AppleInsider is supported by its audience and may earn commission as an Amazon Associate and affiliate partner on qualifying purchases. These affiliate partnerships do not influence our editorial content.
IDC is one of the market research companies that confidently reports quarterly shipments, market share and growth figures for PCs, smartphones and other products with an implied accuracy down to the tenth of a percentage point. But, the company's latest figures are "highly inaccurate" to the point of "embarrassing," according to well-regarded analyst Neil Cybart of Above Avalon.
In its Mobile Phone Tracker for the first calendar quarter of 2019, IDC estimated that Apple only shipped 36.4 million iPhones, which it stated was a 30.2 percent annual drop, whittling down Apple's share to just 11.7 percent of a total of 310.9 million global smartphones shipped in the quarter.
That figure put Apple in a distant third place behind Samsung's nearly 72 million units and Huawei's almost 60 million units. Because Apple sells only premium phones— as most analysts define as selling for about $400 or more— it's not surprising that high-volume vendors of mostly lower-end phones would be outselling Apple in terms of unit sales.
However, IDC's portrayal of more than a 30 percent drop in iPhone units over the previous year is nothing short of shocking. It's also, as Cybart noted on Twitter, not just "embarrassing" but "impossible to achieve given Apple's stated iPhone revenue." Cybart stated that "IDC isn't close with their iPhone unit sales estimate for the quarter that Apple just reported."
IDC isn't close with their iPhone unit sales estimate for the quarter that Apple just reported. Apple sold way more than 36M iPhones. Plug 36M into an earnings model & you will find out that number is impossible to achieve given Apple's stated iPhone revenue. Embarrassing for IDC pic.twitter.com/C3CwVClZto— Neil Cybart (@neilcybart) May 1, 2019
Apple stopped detailing its unit sales of iPhones and other devices in Fiscal 2019, but the company still reports revenues for each business segment. This week, Apple reported March quarter iPhone revenues of $31.051 billion, representing a 17.3 percent drop over the year-ago quarter.
The only way Apple could have seen unit sales drop as fast as IDC reported would be if buyers had suddenly upgraded to extremely expensive phones, driving Apple's Average Selling Price to above $850. That's absurd, and inconsistent with historical quarterly shifts in average selling price.
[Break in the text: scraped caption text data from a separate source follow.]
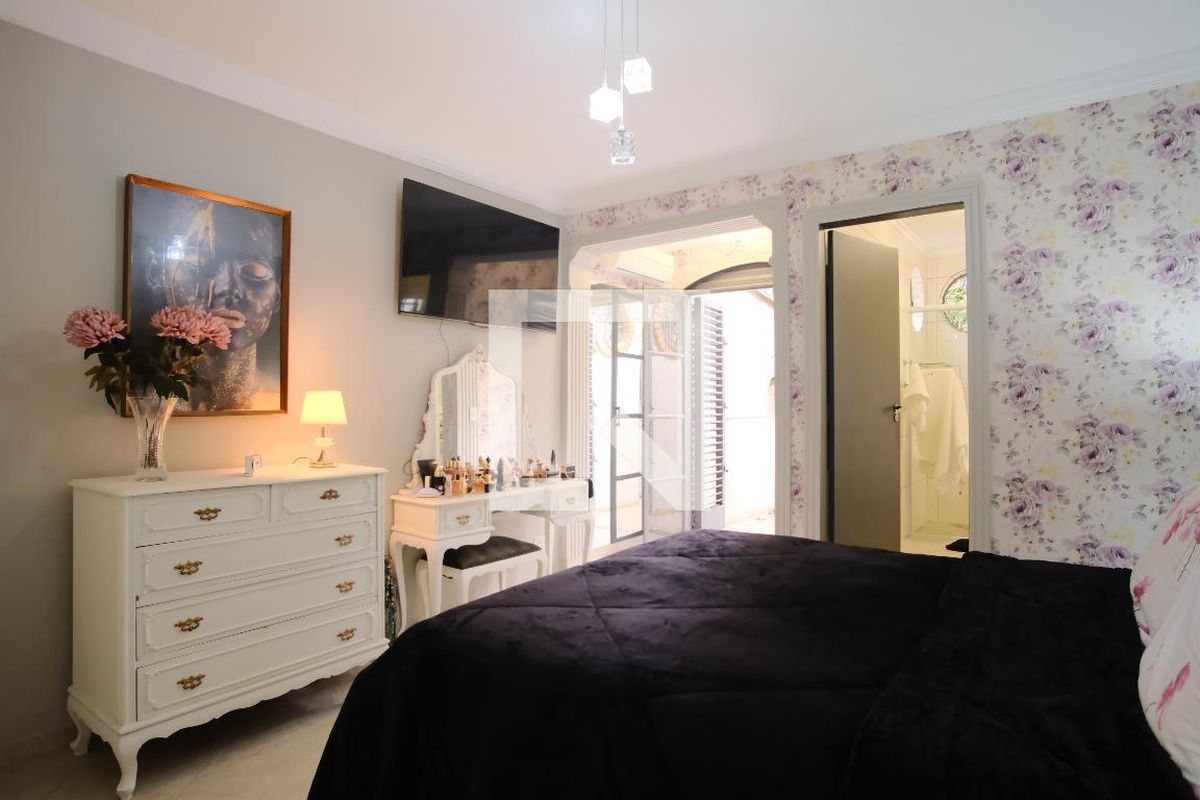 Casa, 3 quartos, 250 m² - Foto 12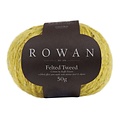 Rowan Felted Tweed 220 - Sulfur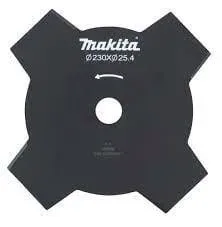 makita-noz-do-kosy-4-zebny-230mbm-do-dur365u-dur368a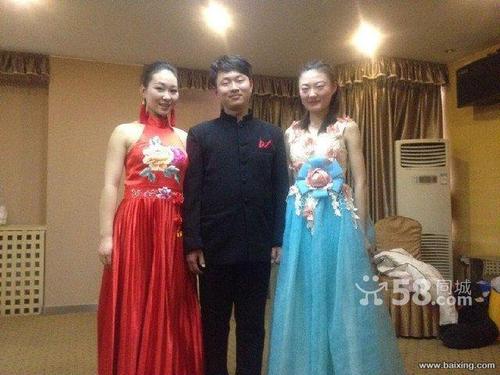 沈阳学声乐培训机构_排名_哪家好_多少钱？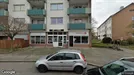 Apartment for rent, Plön, Schleswig-Holstein, <span class="blurred street" onclick="ProcessAdRequest(15295968)"><span class="hint">See streetname</span>[xxxxxxxxxxxxx]</span>
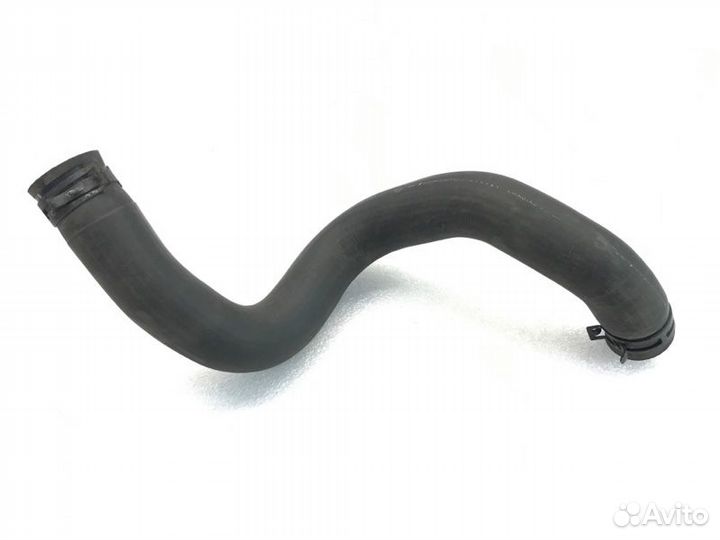 Патрубок системы охлаждения Nissan Qashqai 1.6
Apple's ASPs are extremely high in the industry, but not that high. In fact, iPhone ASP appeared to peak with the launch of the $999 and up iPhone X last year, reaching a few dollars shy of $800. This year, market data shows that Apple's sales were lead by iPhone XR, which starts at $750. There's no possible way Apple's ASP rocketed upward as Apple's product mix shifted to a model that cost three quarters as much.
Cybart estimated that Apple sold more than 43 million iPhones in the quarter, which wouldn't change Apple's third place position in global unit sales, but would represent a difference in unit sales that at least makes sense when compared to its reported decrease in iPhone revenues. Those sales would imply an iPhone ASP in the March quarter of about $722.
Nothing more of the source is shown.